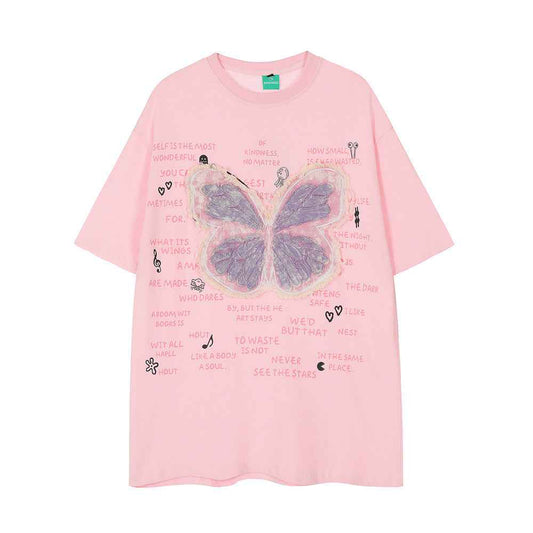 Butterfly Patch Casual Short-sleeved T-shirt For Men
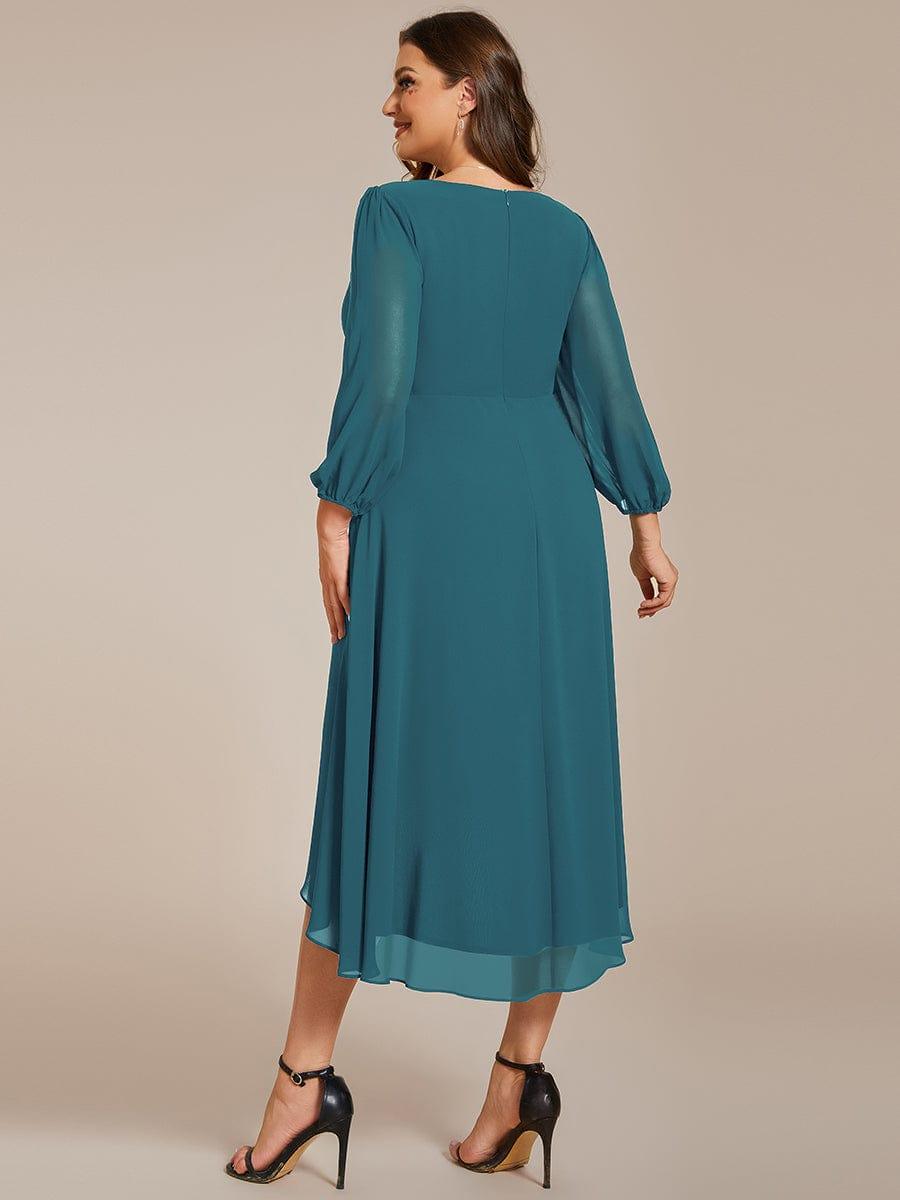 ever BRIAR|Elegant 3/4 Sleeve V-Neck High Low Chiffon Wedding Guest Dress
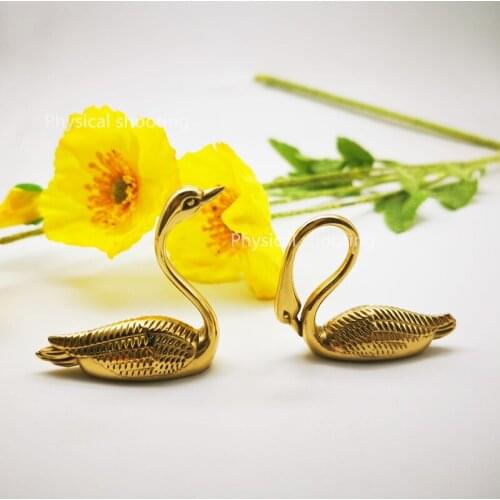 New 1Pc Retro Solid Brass Handle Golden Swan Shaped Cabinet Door Knobs Dresser Pullers Handmade Furniture Knob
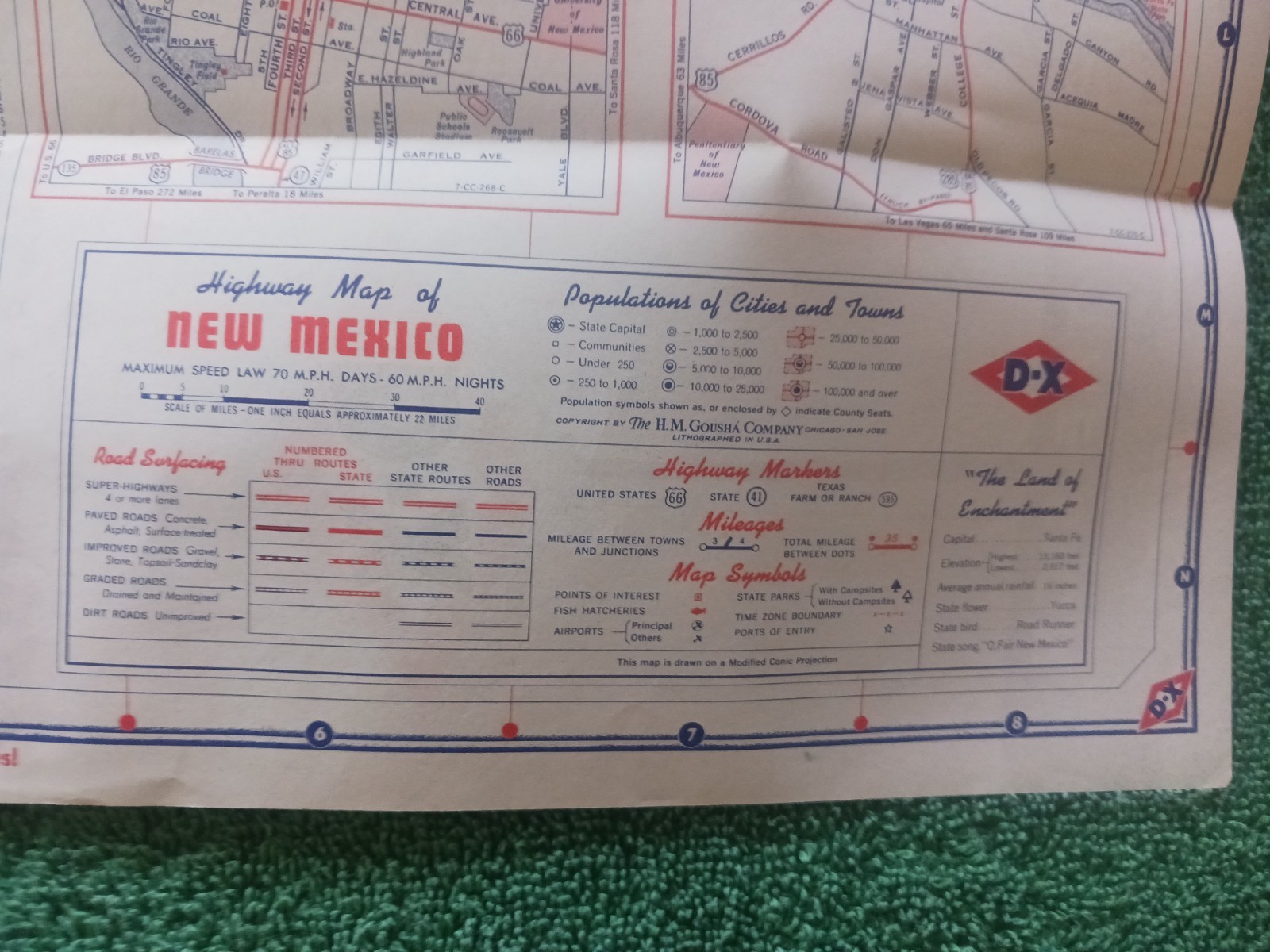 Vintage D-X Road Maps Colorado New Mexico
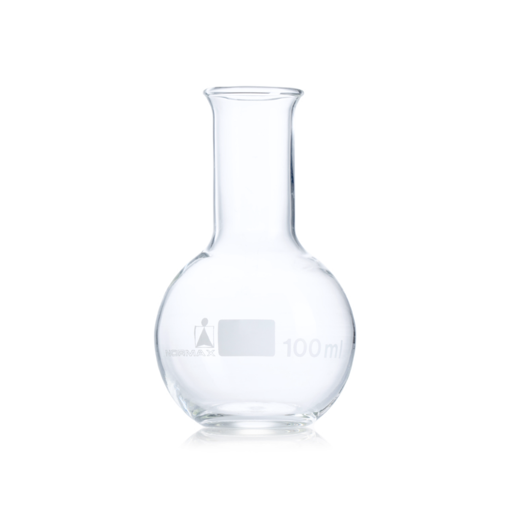 Balón, vidrio, fondo plano, 250 ml, x 5 uds. Normax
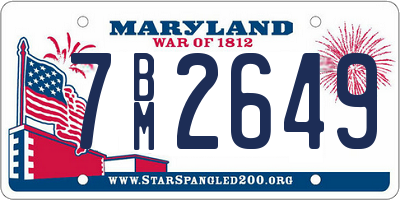 MD license plate 7BM2649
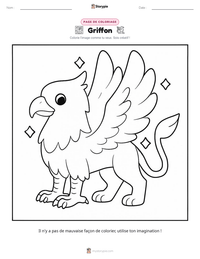 Aperçu de la feuille de travail imprimable Griffon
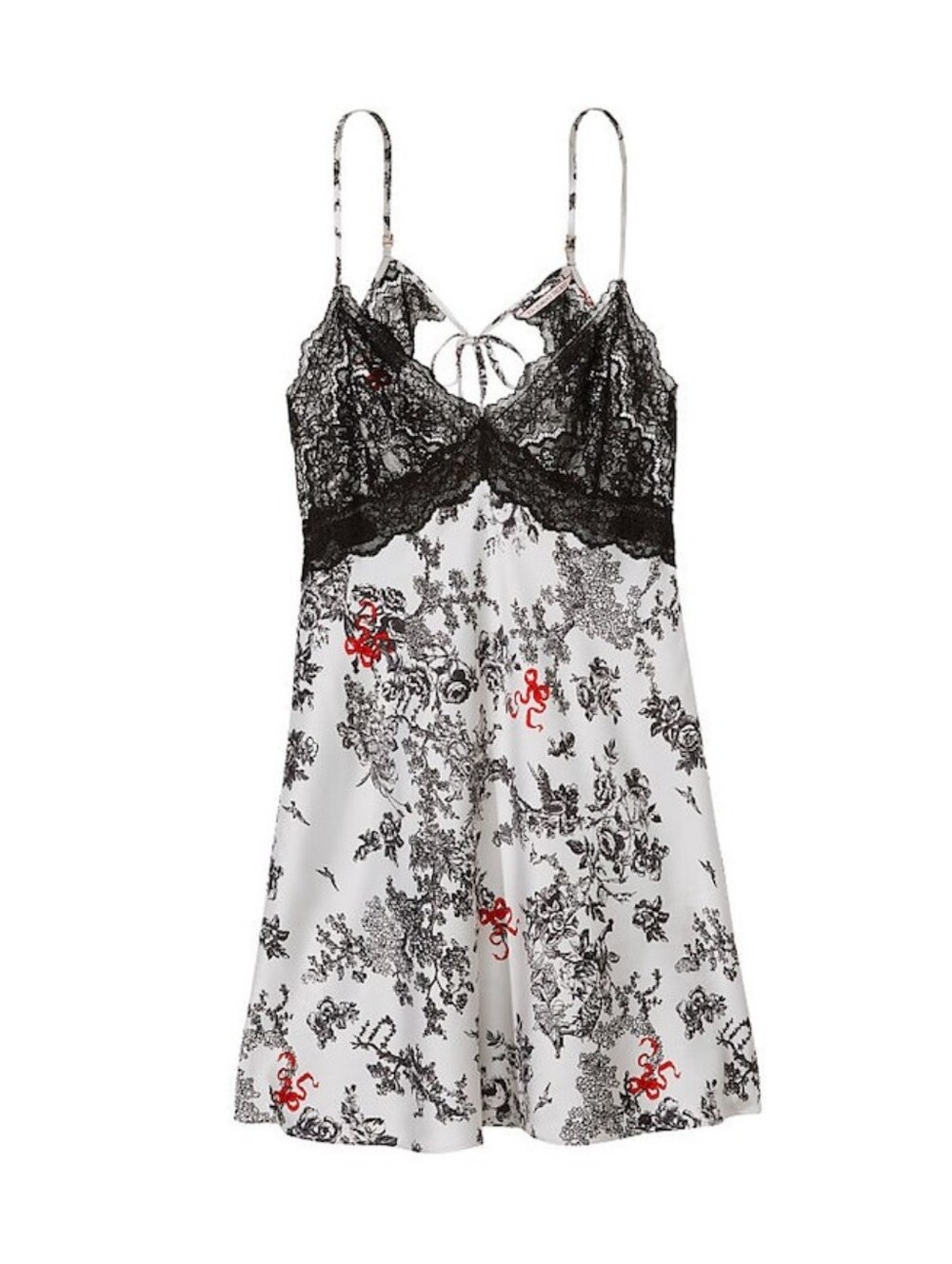 Victoria's Secret White Satin Lace Open Back Slip Dress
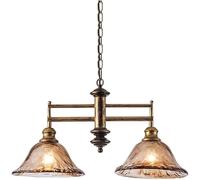 LXYST Retro Industrial Metal Hanging Lamp Amber Glass Living Room Restaurant Cafe Bar Decoration | E26 Indoor Suspended Ceiling Chandelier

- [What this task involves] Starting at the line containing "ever BRIAR|Elegant 3/4", output every remaining line of the records above exactly, the last one included. Nothing else belongs in the output, and no pictures either.

- [Final answer]
 ever BRIAR|Elegant 3/4 Sleeve V-Neck High Low Chiffon Wedding Guest Dress
 New 1Pc Retro Solid Brass Handle Golden Swan Shaped Cabinet Door Knobs Dresser Pullers Handmade Furniture Knob
 Vintage D-X Road Maps Colorado New Mexico
 Balón, vidrio, fondo plano, 250 ml, x 5 uds. Normax
 MD license plate 7BM2649
 Aperçu de la feuille de travail imprimable Griffon
 Victoria's Secret White Satin Lace Open Back Slip Dress
 LXYST Retro Industrial Metal Hanging Lamp Amber Glass Living Room Restaurant Cafe Bar Decoration | E26 Indoor Suspended Ceiling Chandelier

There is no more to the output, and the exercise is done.